##### Statistics for Big Data For Dummies

For a dataset that consists of observations taken at different points in time (that is, time series data), it's important to determine whether or not the observations are correlated with each other. This is because many techniques for modeling time series data are based on the assumption that the data is uncorrelated with each other (independent).

One graphical technique you can use to see whether the data is uncorrelated with each other is the autocorrelation function. The autocorrelation function shows the correlation between observations in a time series with different lags. For example, the correlation between observations with lag 1 refers to the correlation between each individual observation and its previous value.

This figure shows the autocorrelation function for ExxonMobil's daily returns in 2013.

Autocorrelation function of daily returns to ExxonMobil stock in 2013.

Each "spike" in the autocorrelation function represents the correlation between observations with a given lag.

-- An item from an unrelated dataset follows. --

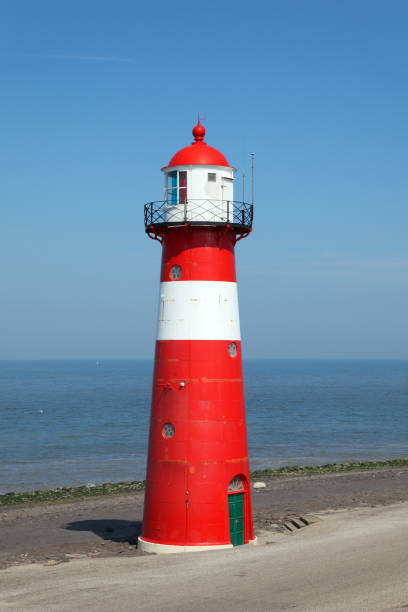 istock Red lighthouse on a dyke seawall by the blue sea 918989936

The autocorrelation with lag 0 always equals 1, because this represents the correlations of the observations with themselves.

On the graph, the dashed lines represent the lower and upper limits of a confidence interval. If a spike rises above the upper limit of the confidence interval or falls below the lower limit of the confidence interval, that shows that the correlation for that lag isn't 0. This is evidence against the independence of the elements in a dataset.

In this case, there is only one statistically significant spike (at lag 8). This spike shows that the ExxonMobil returns may be independent. A more formal statistical test would show whether that is true or not.